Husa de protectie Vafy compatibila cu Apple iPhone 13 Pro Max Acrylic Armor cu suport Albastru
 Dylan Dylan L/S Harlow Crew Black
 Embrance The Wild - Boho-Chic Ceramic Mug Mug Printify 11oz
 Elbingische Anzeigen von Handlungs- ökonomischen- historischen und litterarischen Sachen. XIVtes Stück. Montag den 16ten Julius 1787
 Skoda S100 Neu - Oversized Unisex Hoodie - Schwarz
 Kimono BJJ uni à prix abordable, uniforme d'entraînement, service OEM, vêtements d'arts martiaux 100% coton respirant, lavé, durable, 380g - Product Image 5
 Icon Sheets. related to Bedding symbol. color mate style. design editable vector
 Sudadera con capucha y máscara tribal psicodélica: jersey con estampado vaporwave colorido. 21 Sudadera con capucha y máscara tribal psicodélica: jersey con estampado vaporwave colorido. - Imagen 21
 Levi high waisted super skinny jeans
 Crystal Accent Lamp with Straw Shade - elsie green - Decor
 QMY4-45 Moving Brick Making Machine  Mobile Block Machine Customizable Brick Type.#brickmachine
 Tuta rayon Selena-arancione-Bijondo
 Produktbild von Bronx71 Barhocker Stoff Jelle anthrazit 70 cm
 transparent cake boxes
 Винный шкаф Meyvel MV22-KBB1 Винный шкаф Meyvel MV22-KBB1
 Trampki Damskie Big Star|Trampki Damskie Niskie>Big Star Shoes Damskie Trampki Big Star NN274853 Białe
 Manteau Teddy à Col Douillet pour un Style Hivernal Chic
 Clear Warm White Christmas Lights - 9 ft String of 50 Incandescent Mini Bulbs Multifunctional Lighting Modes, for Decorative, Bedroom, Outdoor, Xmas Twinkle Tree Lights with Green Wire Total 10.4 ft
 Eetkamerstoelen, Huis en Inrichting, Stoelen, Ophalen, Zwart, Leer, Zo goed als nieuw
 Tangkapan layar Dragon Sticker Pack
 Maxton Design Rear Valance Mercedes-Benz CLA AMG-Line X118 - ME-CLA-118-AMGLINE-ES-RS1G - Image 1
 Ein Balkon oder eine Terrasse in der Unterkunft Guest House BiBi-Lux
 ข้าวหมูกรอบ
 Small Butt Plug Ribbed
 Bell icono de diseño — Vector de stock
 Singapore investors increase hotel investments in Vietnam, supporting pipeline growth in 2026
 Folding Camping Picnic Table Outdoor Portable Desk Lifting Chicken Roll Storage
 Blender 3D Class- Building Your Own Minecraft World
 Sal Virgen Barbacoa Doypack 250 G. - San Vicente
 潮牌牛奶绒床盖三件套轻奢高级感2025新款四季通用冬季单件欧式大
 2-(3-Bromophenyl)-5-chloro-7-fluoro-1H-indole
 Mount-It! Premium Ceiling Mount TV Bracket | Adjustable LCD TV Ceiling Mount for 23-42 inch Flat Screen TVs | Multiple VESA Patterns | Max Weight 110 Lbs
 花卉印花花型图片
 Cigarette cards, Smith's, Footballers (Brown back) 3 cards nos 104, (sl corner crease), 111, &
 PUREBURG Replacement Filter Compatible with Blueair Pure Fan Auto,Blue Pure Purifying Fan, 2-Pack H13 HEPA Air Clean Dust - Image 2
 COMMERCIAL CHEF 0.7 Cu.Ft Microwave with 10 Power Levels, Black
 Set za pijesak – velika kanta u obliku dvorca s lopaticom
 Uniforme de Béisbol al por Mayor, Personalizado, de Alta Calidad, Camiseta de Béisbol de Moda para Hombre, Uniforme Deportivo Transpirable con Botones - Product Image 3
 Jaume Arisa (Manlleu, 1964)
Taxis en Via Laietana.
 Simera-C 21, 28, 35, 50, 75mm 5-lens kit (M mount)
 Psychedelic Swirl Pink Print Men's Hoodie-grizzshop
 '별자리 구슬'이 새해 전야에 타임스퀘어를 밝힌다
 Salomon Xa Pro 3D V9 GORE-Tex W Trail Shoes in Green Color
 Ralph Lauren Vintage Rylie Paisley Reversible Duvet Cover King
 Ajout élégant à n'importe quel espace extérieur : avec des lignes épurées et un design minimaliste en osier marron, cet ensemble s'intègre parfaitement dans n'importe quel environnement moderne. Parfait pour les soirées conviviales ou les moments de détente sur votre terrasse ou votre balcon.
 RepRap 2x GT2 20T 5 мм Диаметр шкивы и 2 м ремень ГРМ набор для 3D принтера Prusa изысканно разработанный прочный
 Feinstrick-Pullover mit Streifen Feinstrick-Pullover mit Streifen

*WORK REQUEST*. Here the job is to transcribe the lines from the first line of the data through the line containing "Kimono BJJ uni", inclusive, exactly and with nothing else.

*FINISHED TASK*.
Husa de protectie Vafy compatibila cu Apple iPhone 13 Pro Max Acrylic Armor cu suport Albastru
 Dylan Dylan L/S Harlow Crew Black
 Embrance The Wild - Boho-Chic Ceramic Mug Mug Printify 11oz
 Elbingische Anzeigen von Handlungs- ökonomischen- historischen und litterarischen Sachen. XIVtes Stück. Montag den 16ten Julius 1787
 Skoda S100 Neu - Oversized Unisex Hoodie - Schwarz
 Kimono BJJ uni à prix abordable, uniforme d'entraînement, service OEM, vêtements d'arts martiaux 100% coton respirant, lavé, durable, 380g - Product Image 5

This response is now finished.